A técnica de origem budista
aplicada aos presos indianos acabou por levar ao quase aniquilamento
da reincidência, corrupção e uso de drogas nos
presídios onde está funcionando. Em razão do
sucesso imediato, foi estendida aos funcionários do estabelecimento
e proporcionou a proliferação de cursos periódicos
em uma área especialmente criada para reflexão. A transformação
modelar da prisão Tihar nos últimos 13 anos da experiência
acabou fazendo-a referência para outros presídios indianos.
Mais do que isso, atraiu a atenção de estudiosos e pesquisadores
do mundo todo sobre o fenômeno do controle das angústias
das populações carcerárias.
Mereceu a atenção da
psicanálise e da psiquiatria, já que a reflexão
não é técnica convencional de pacificação
de presidiários. Na verdade, a experiência abriu caminho
inédito com a adoção de solução
prática e econômica para contenção dos
problemas carcerários, transformando a vida na prisão
em rotina mais suportável e menos violenta.

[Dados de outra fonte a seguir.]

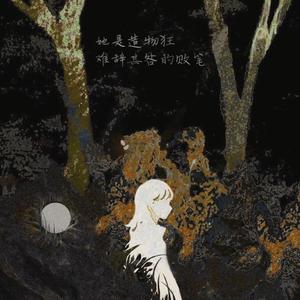 她是造物狂难辞其咎的败笔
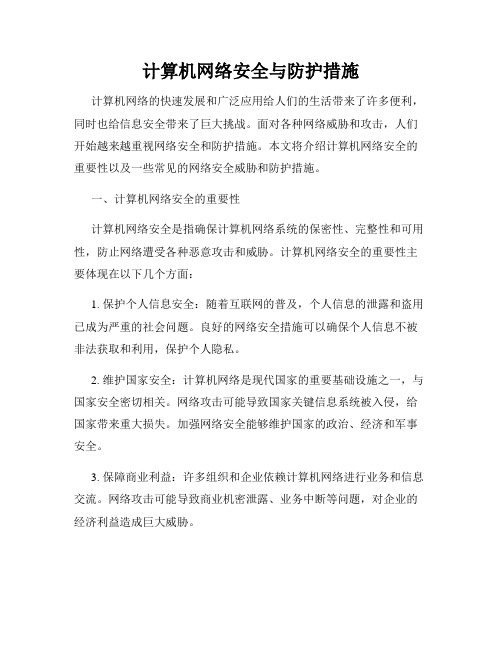 计算机网络安全与防护措施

Pode parecer estranho para os padrões
ocidentais, já que a realidade brasileira é bem diversa.
Porém, se considerarmos que no Brasil a falta de recursos públicos
e a urgência para o encaminhamento da crise, são na essência
os mesmos problemas que em Tihar demandaram pronta solução,
será justo reconhecer que a experiência do presídio
indiano é uma demonstração forte de que o pragmatismo
também é fator determinante no encaminhamento de soluções.
A experiência teve o mérito
de se basear na criatividade no trato com questões polêmicas
e no enfrentamento da realidade que permitiu, com o auxílio
de métodos não convencionais de cumprimento de pena,
o abrandamento da crise. Trabalhou a acumulação das
tensões que dominam os ambientes carcerários, trazendo
demonstração de que a vocação e a criatividade
das autoridades são fatores determinantes para tornar mais
justa e equilibrada a vida das populações carcerárias.